▶ [Task description]:
Include no pictures. Output exactly the lines from the one that contains "イニシア大手前 | イニシア大手前　独立洗面化粧台" through the final line of the entries.

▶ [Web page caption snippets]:
------------------------------------------------------------

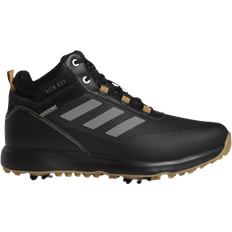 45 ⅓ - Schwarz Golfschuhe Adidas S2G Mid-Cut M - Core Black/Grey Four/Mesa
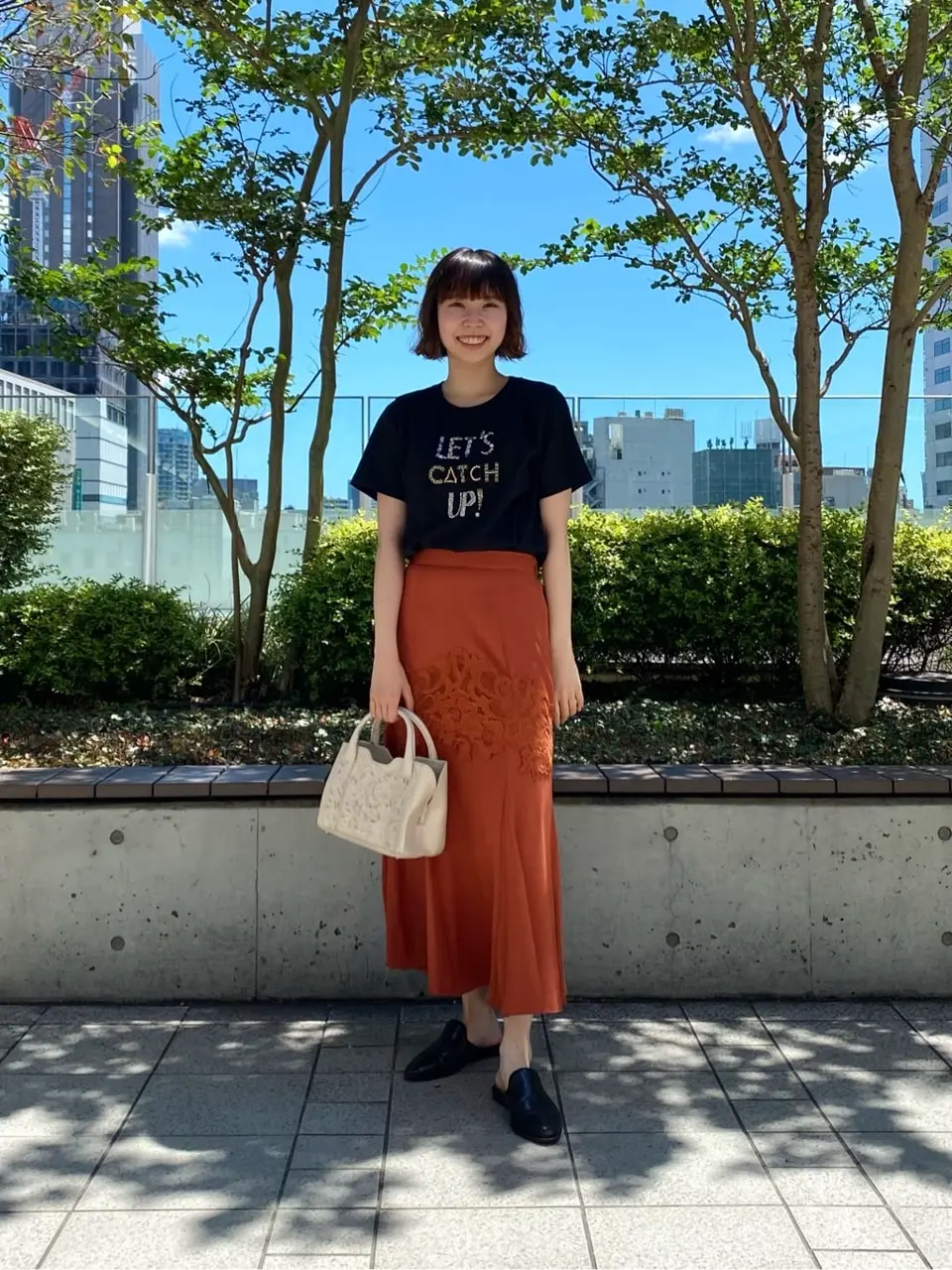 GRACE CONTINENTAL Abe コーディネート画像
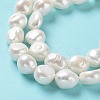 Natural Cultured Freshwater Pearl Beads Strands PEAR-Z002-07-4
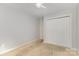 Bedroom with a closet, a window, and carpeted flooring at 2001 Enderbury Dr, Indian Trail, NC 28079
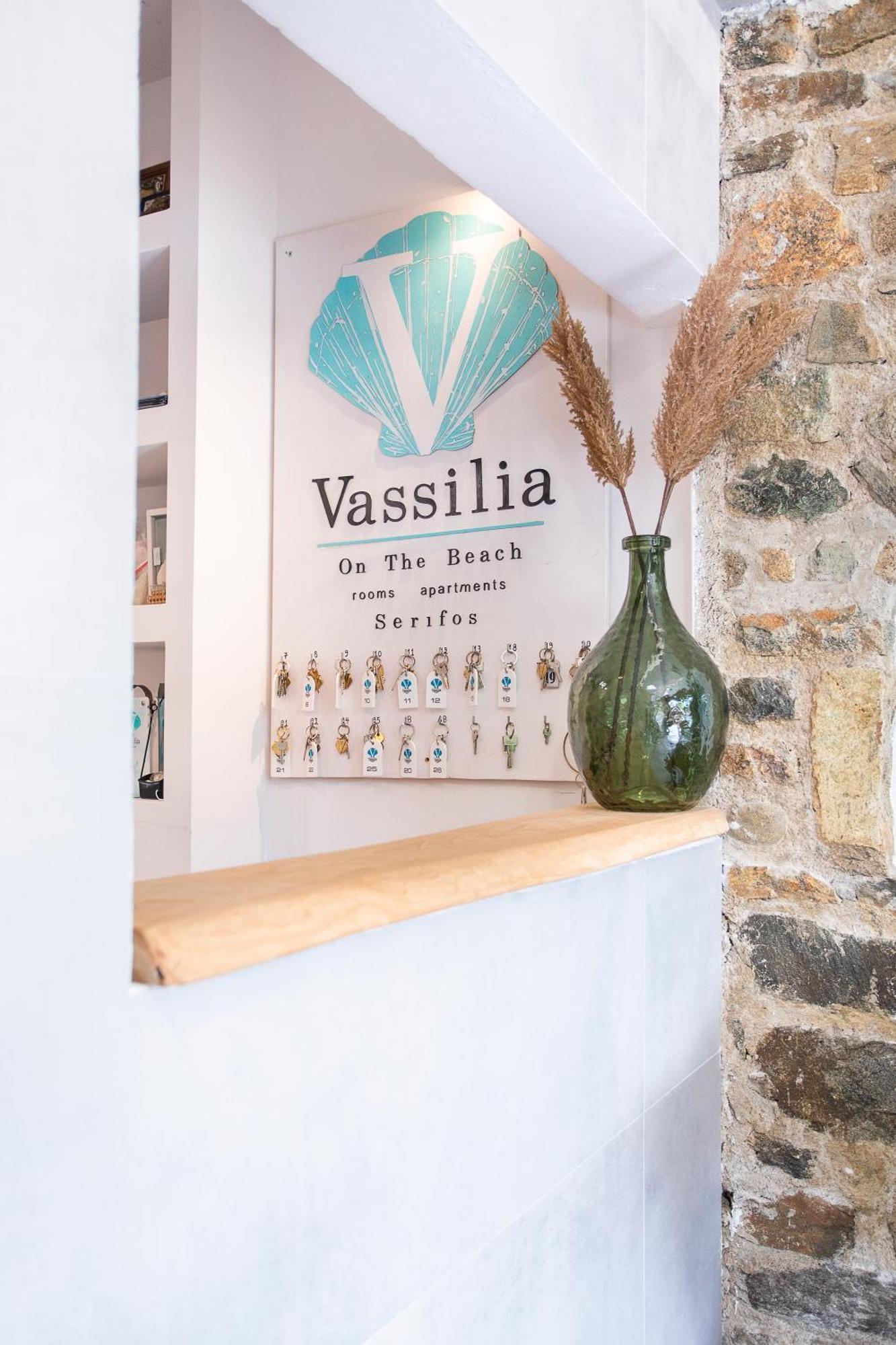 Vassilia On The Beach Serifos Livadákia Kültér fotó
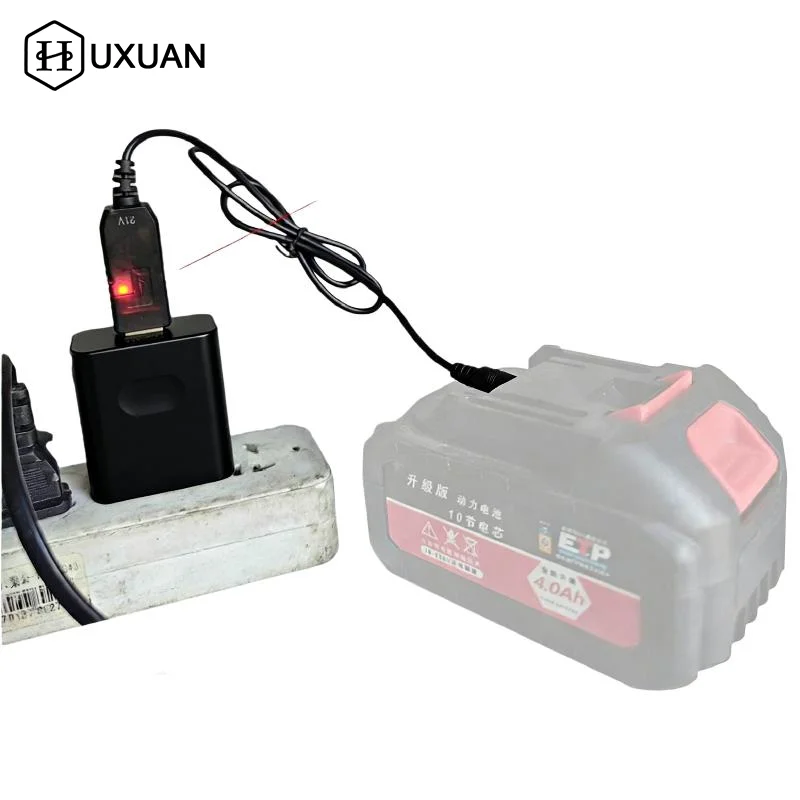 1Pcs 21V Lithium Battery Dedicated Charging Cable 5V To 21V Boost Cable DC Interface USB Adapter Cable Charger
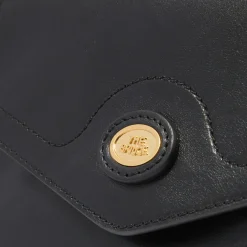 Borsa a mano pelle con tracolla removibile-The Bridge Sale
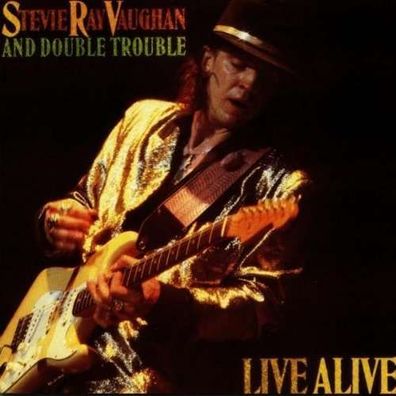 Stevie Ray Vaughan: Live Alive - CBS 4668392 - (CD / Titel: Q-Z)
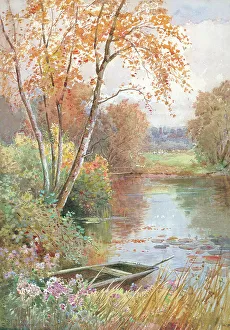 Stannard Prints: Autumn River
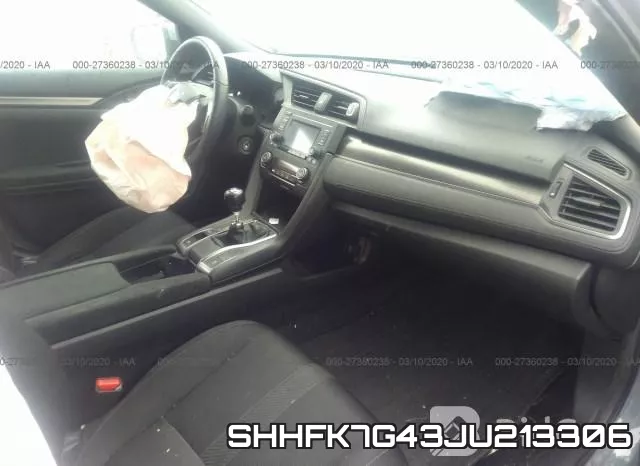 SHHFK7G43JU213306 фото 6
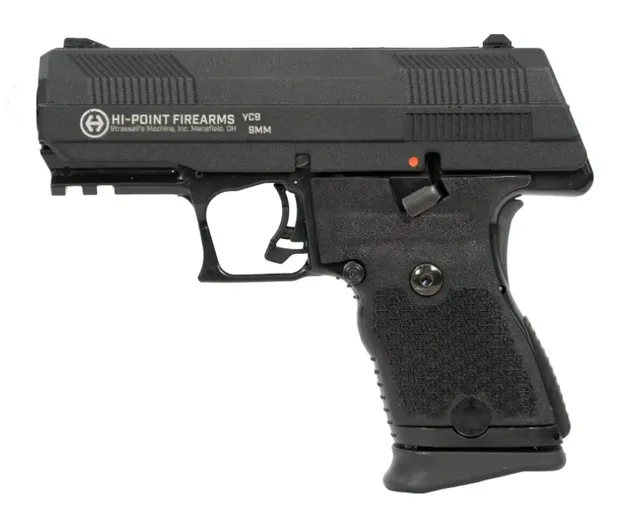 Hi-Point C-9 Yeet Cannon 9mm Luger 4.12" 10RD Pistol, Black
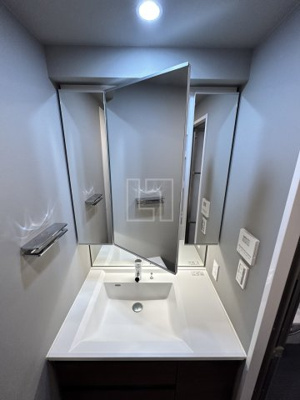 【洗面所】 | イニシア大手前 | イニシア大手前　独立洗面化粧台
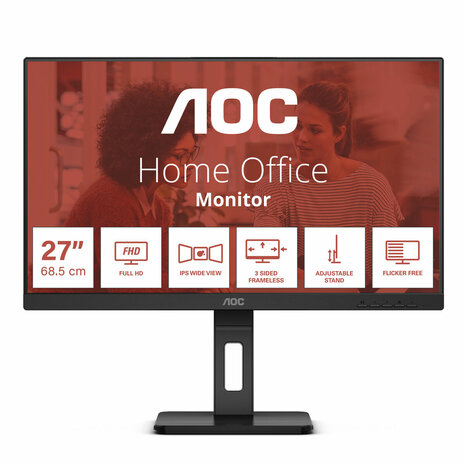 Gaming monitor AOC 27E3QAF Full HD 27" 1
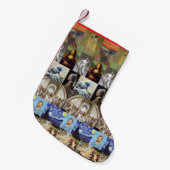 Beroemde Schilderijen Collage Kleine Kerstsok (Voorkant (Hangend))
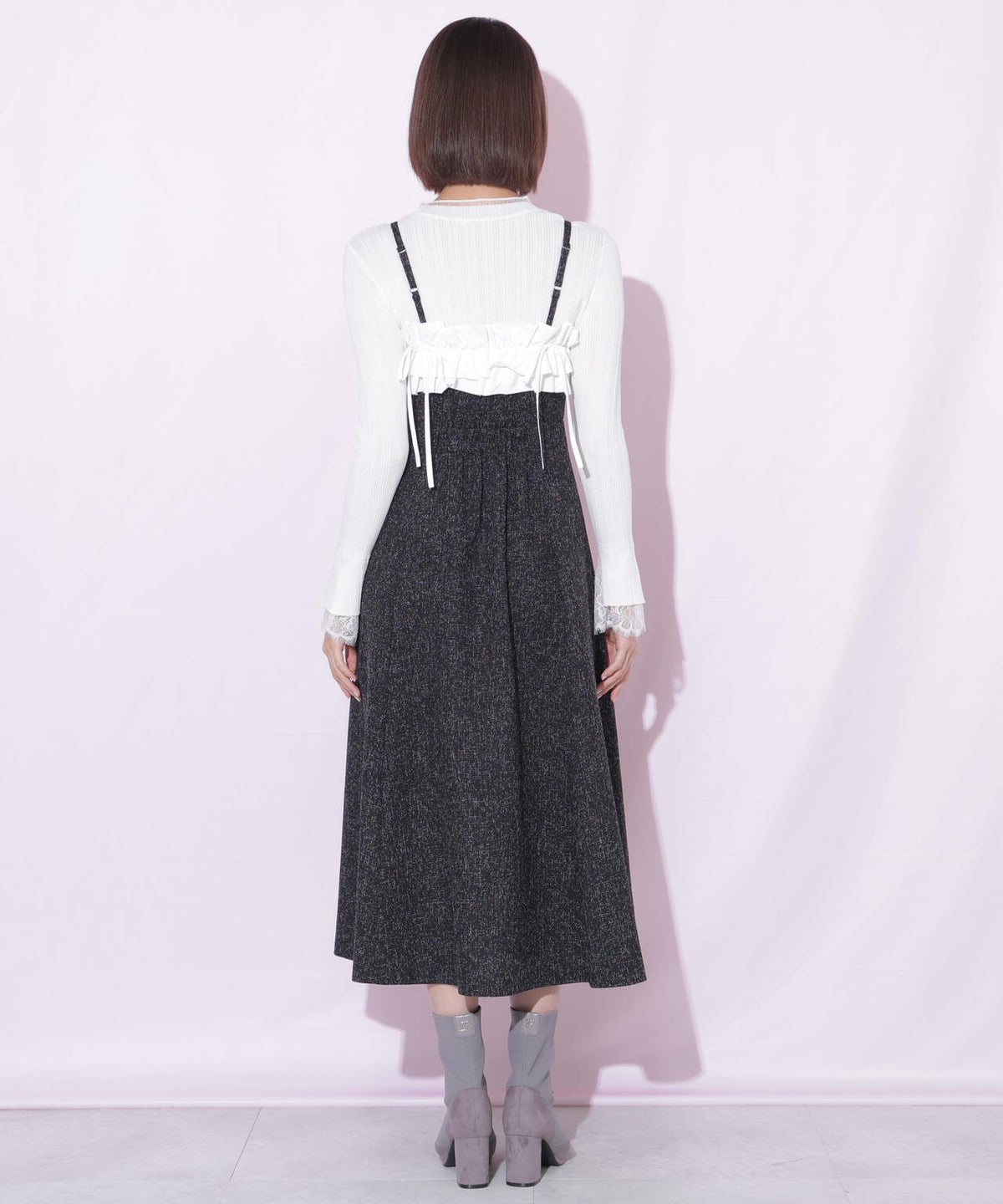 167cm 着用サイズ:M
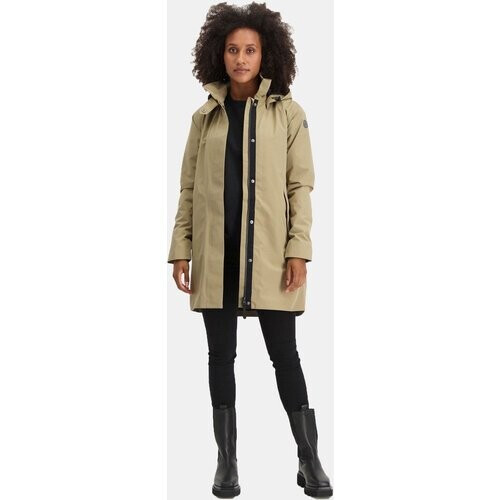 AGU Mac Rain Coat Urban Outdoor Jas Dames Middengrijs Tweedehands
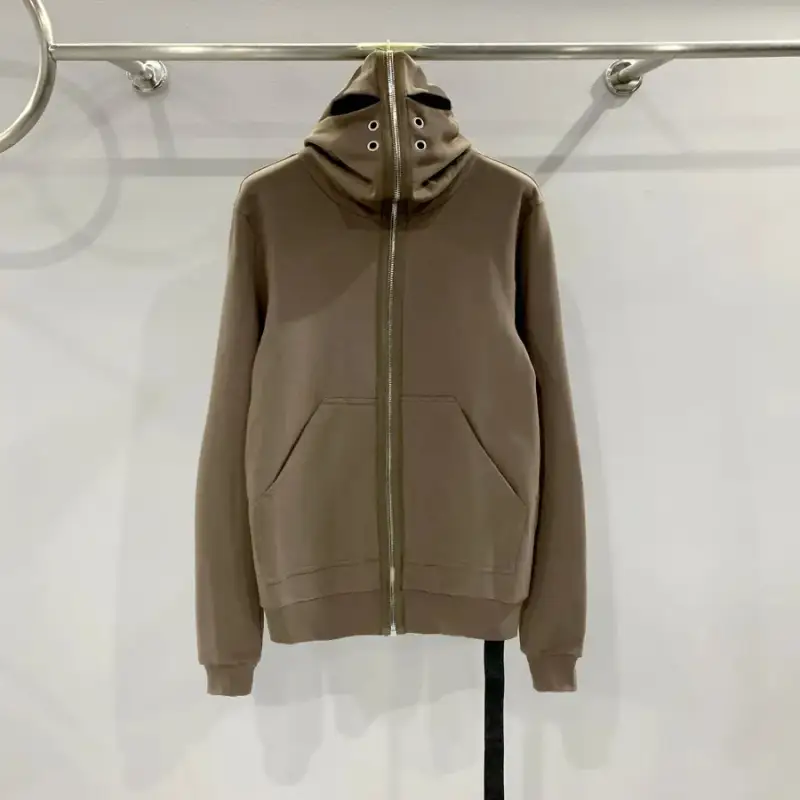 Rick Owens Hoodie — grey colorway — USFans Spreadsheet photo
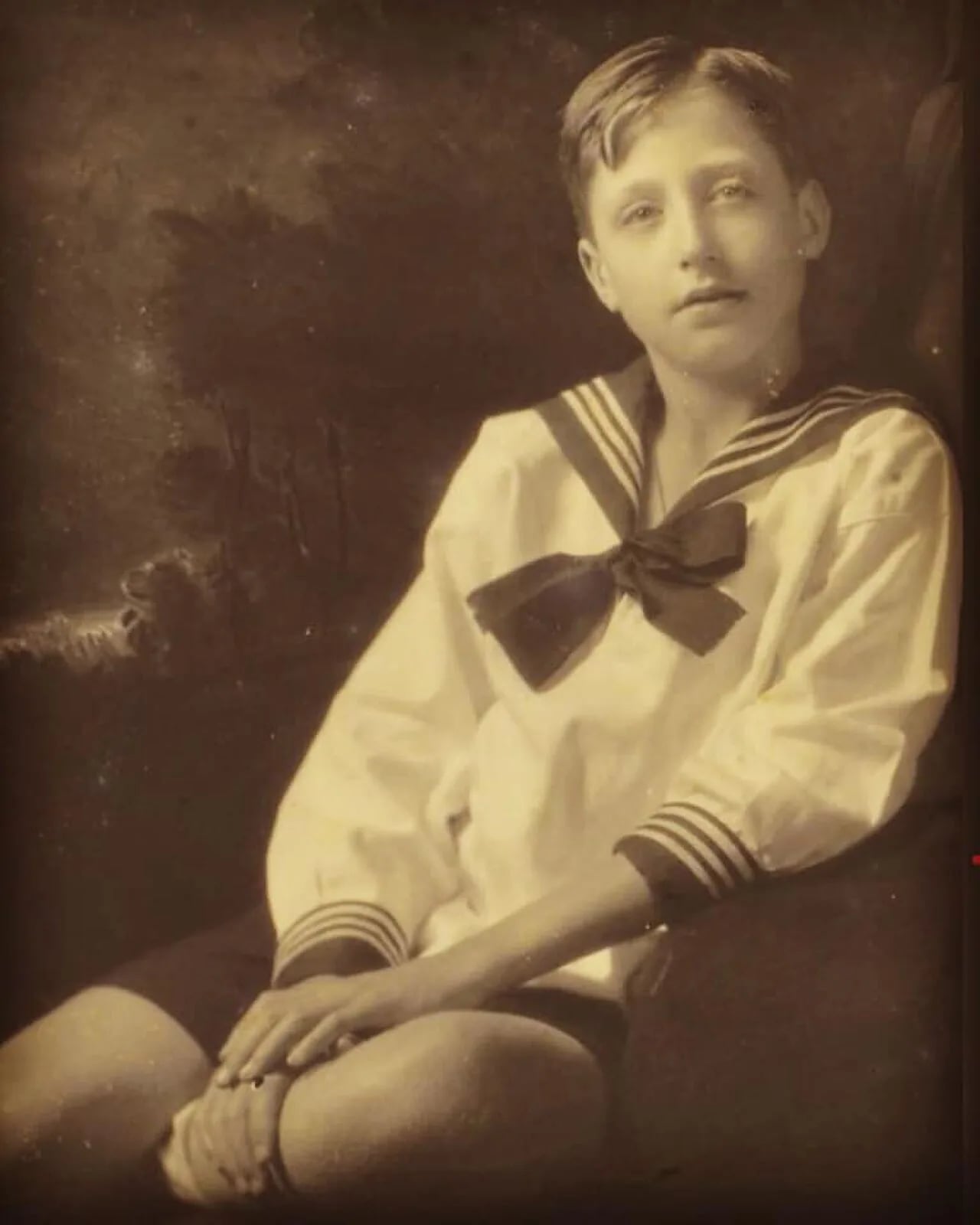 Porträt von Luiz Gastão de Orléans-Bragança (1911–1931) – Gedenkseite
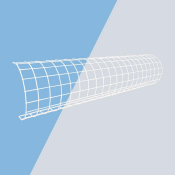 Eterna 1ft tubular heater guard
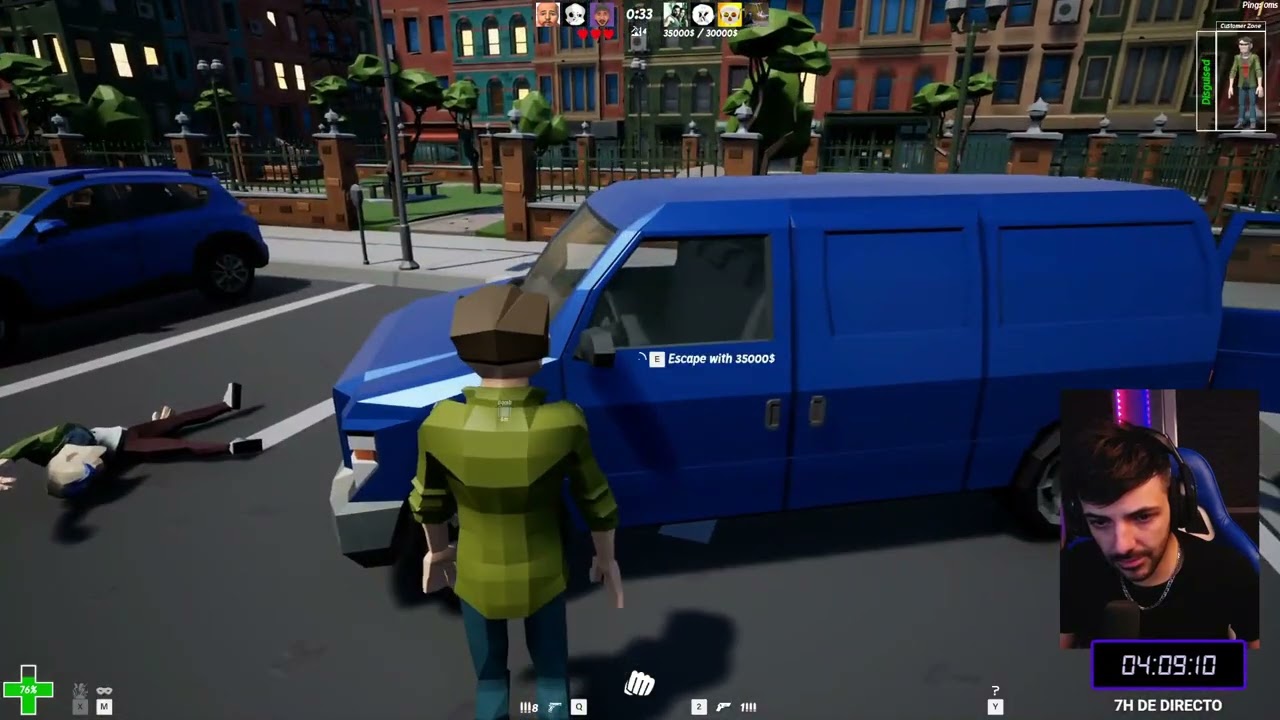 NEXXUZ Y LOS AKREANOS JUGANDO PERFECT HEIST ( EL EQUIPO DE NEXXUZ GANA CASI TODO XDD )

------------------------------------------------------------

▶ [Response area]:
 【洗面所】 | イニシア大手前 | イニシア大手前　独立洗面化粧台
 Gaming monitor AOC 27E3QAF Full HD 27" 1
 Beroemde Schilderijen Collage Kleine Kerstsok (Voorkant (Hangend))
 167cm 着用サイズ:M
 AGU Mac Rain Coat Urban Outdoor Jas Dames Middengrijs Tweedehands
 Rick Owens Hoodie — grey colorway — USFans Spreadsheet photo
 Porträt von Luiz Gastão de Orléans-Bragança (1911–1931) – Gedenkseite
 Eterna 1ft tubular heater guard
 NEXXUZ Y LOS AKREANOS JUGANDO PERFECT HEIST ( EL EQUIPO DE NEXXUZ GANA CASI TODO XDD )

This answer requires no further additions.